• **Exercise instructions**
Copy exactly the lines of the data below, beginning with the line with "Imagen de los" and ending with the line with "Nike Vintage Nike". Pictures are to be omitted.

• **Data for analysis**
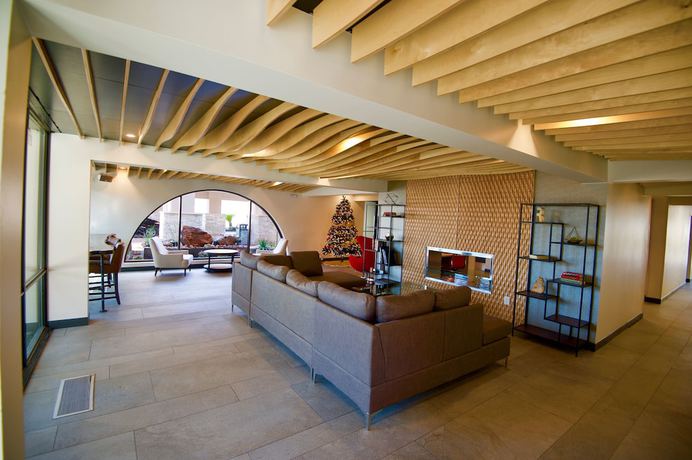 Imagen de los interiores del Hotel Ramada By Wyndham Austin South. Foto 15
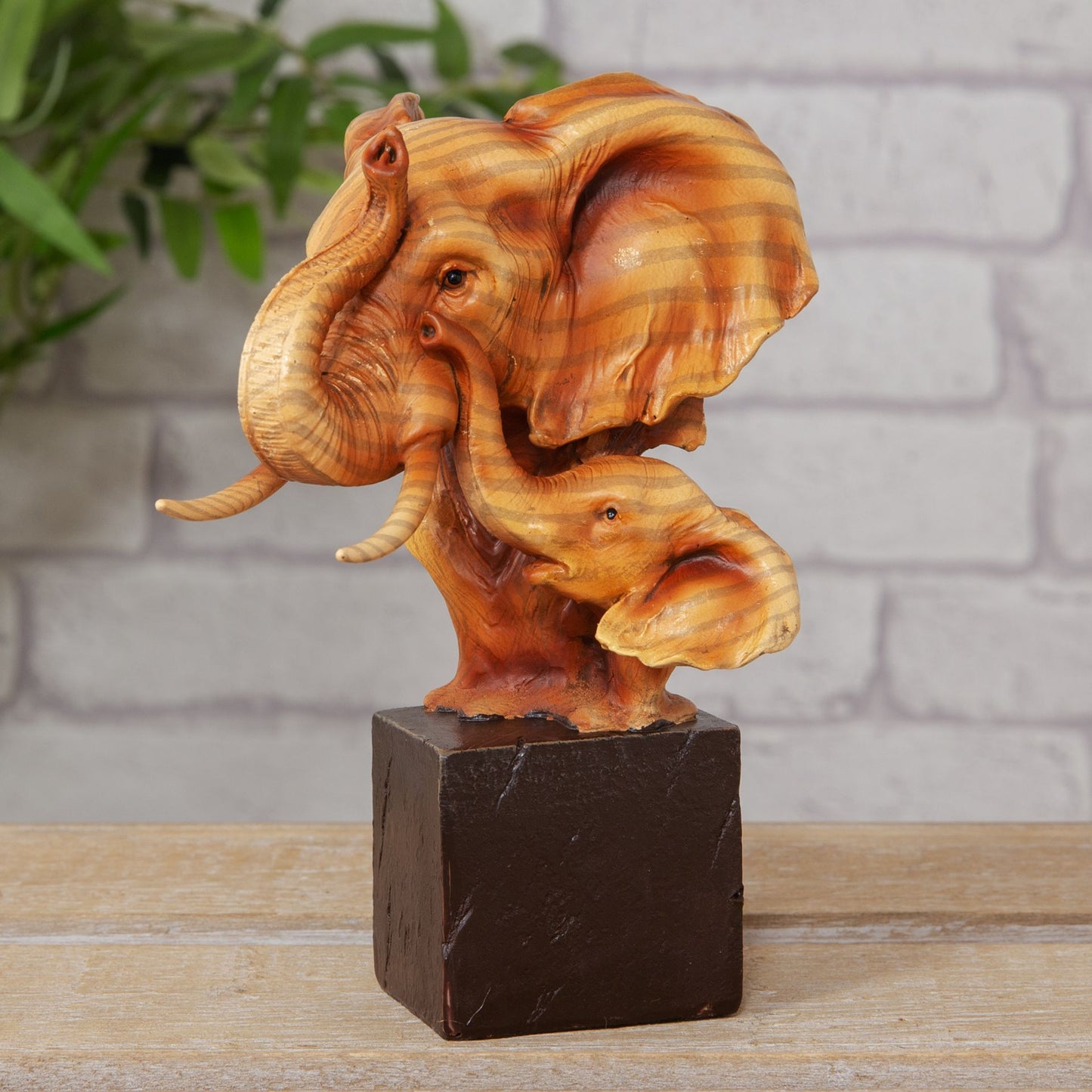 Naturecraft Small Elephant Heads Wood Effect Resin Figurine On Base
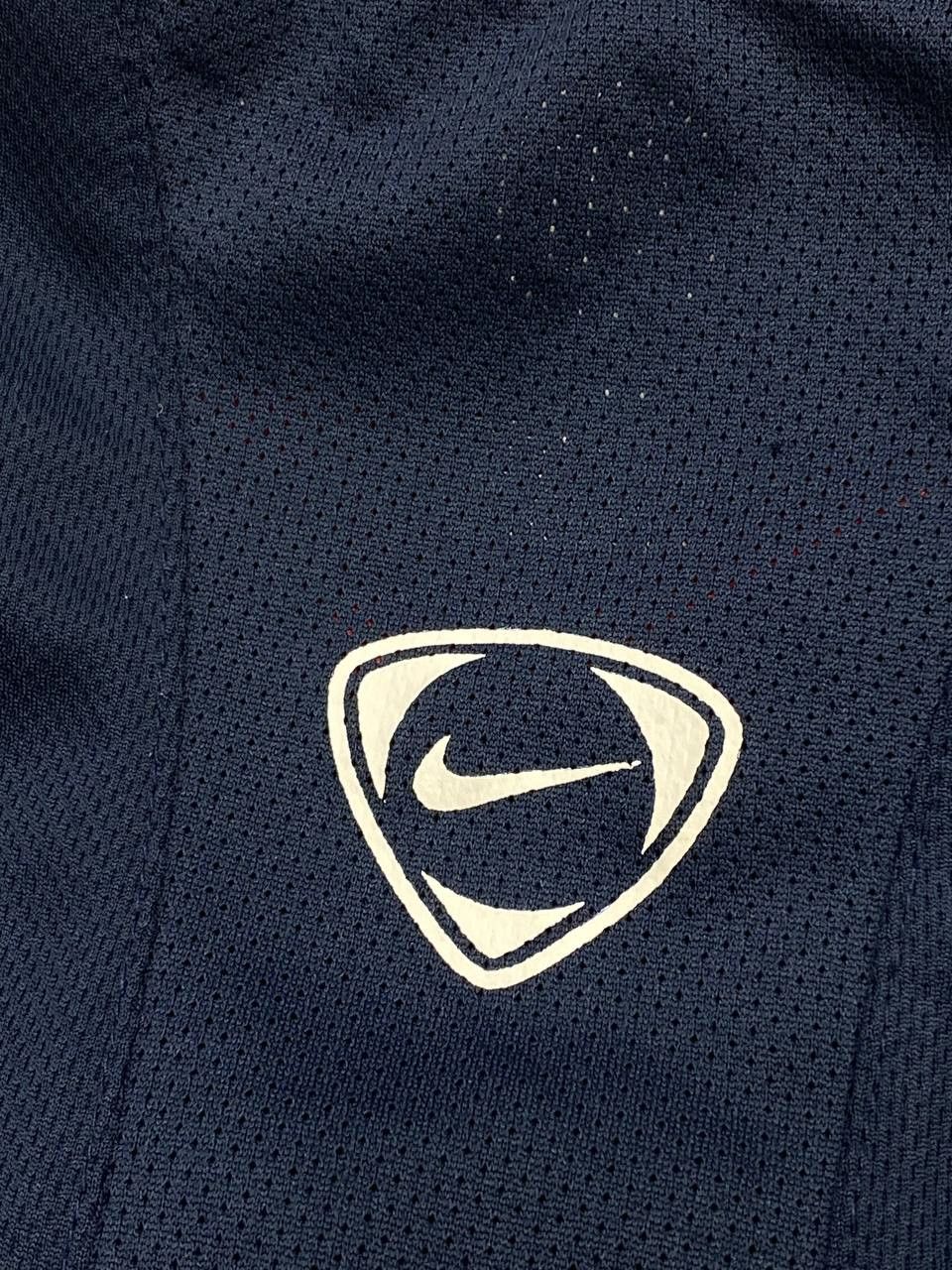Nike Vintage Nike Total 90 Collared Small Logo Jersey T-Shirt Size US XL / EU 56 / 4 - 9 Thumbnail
...
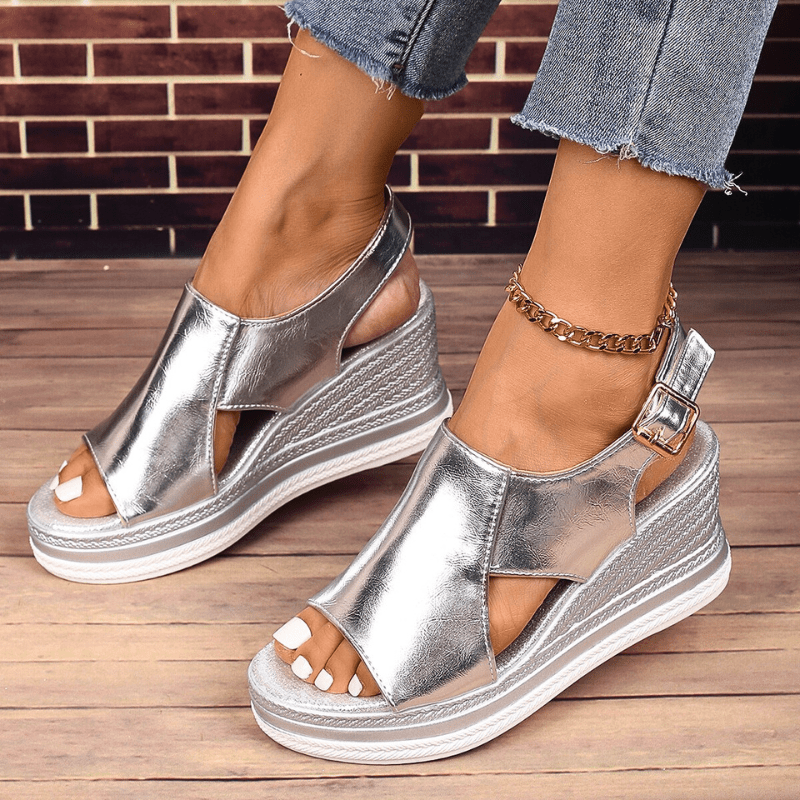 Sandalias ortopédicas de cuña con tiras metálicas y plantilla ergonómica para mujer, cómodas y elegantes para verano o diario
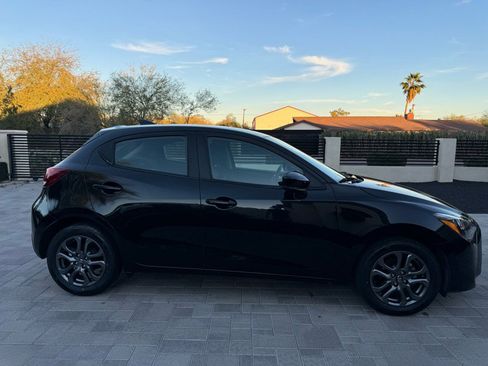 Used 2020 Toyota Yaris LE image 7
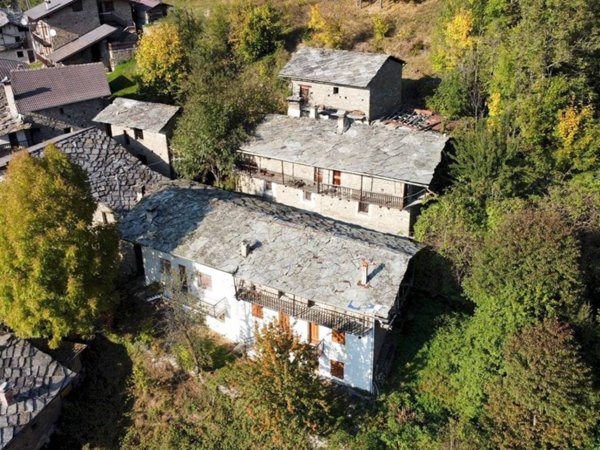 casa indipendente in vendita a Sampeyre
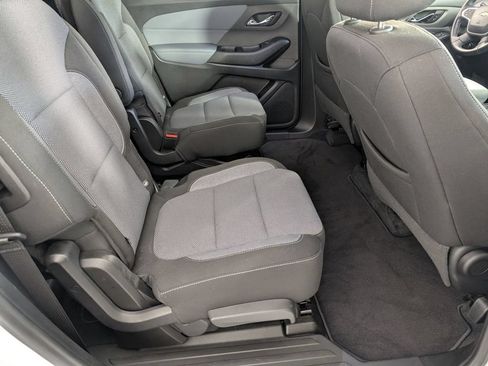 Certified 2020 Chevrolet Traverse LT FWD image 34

• **Result**
 Imagen de los interiores del Hotel Ramada By Wyndham Austin South. Foto 15
 Naturecraft Small Elephant Heads Wood Effect Resin Figurine On Base
Nike Vintage Nike Total 90 Collared Small Logo Jersey T-Shirt Size US XL / EU 56 / 4 - 9 Thumbnail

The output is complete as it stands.